### THE DATA
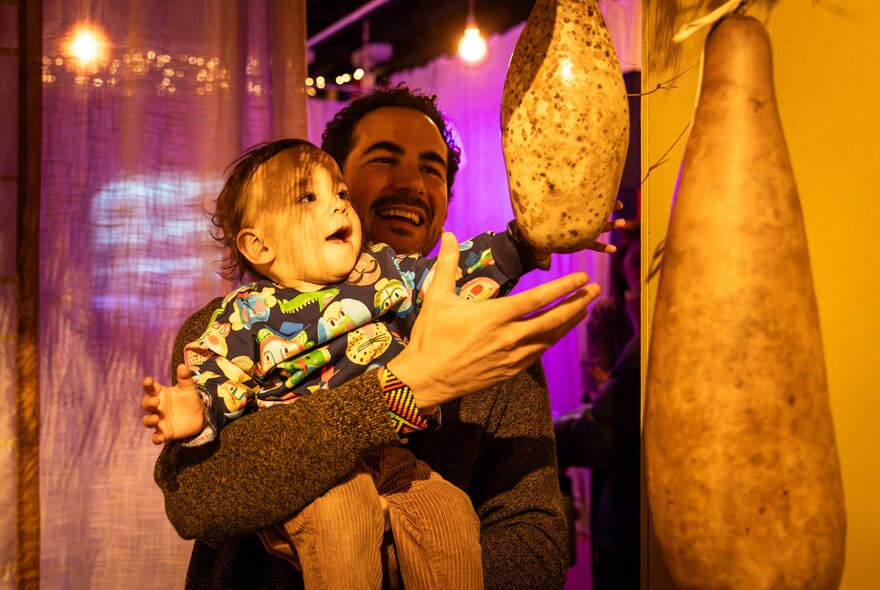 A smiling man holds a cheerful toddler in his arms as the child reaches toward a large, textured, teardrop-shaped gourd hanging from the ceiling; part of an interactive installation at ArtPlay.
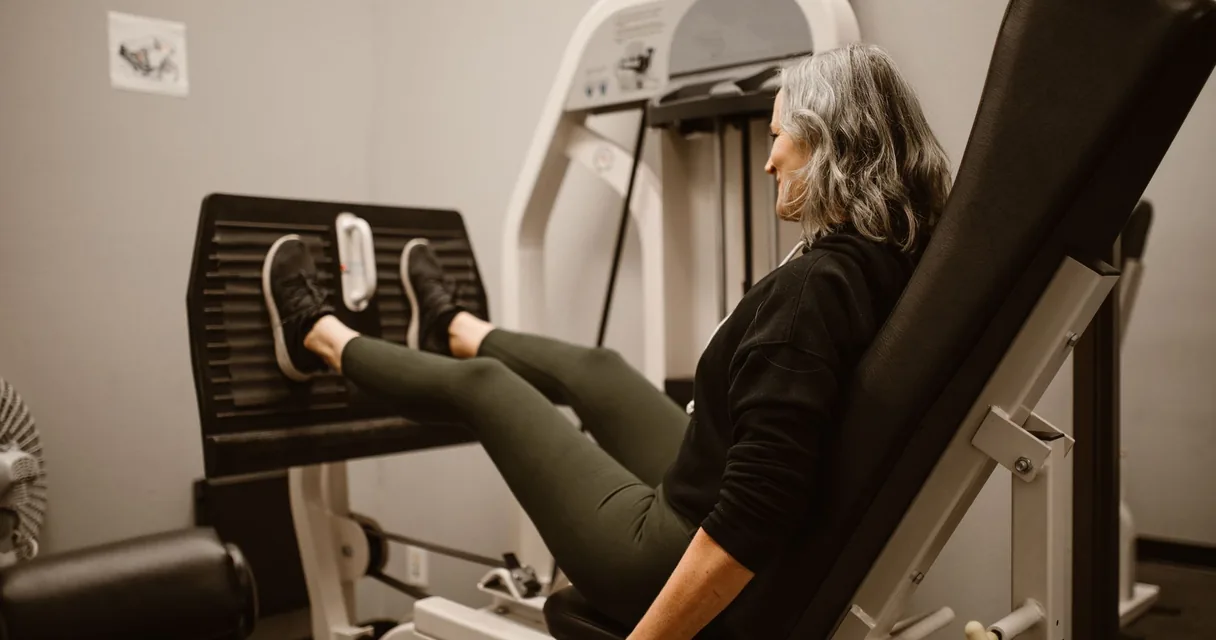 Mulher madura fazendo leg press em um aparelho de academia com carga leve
--
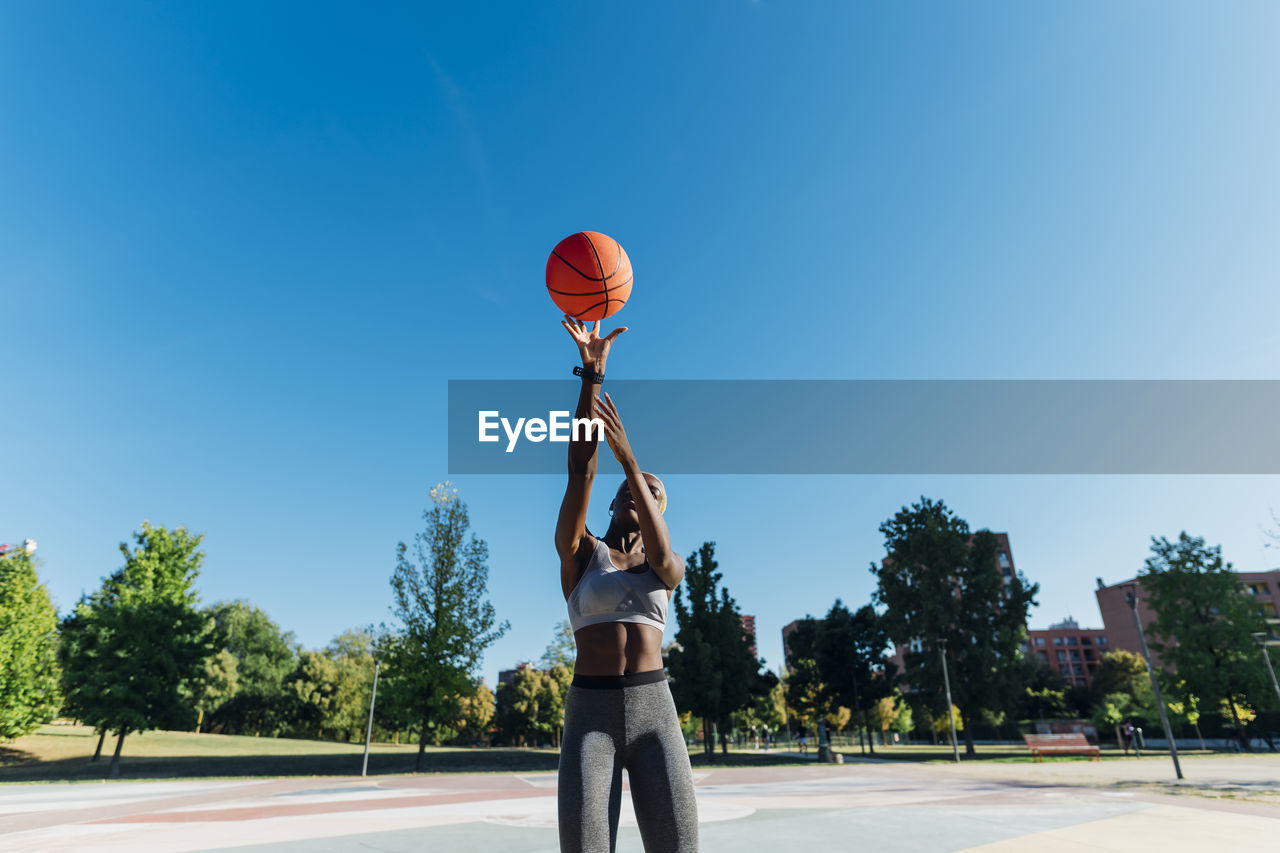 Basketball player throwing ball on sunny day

### EXERCISE INSTRUCTIONS
The lines to copy exactly start with the line above that has "A smiling man" and go on through the line that has "Mulher madura fazendo"; please include both, add nothing else, and omit the pictures.

### TASK OUTPUT
 A smiling man holds a cheerful toddler in his arms as the child reaches toward a large, textured, teardrop-shaped gourd hanging from the ceiling; part of an interactive installation at ArtPlay.
 Mulher madura fazendo leg press em um aparelho de academia com carga leve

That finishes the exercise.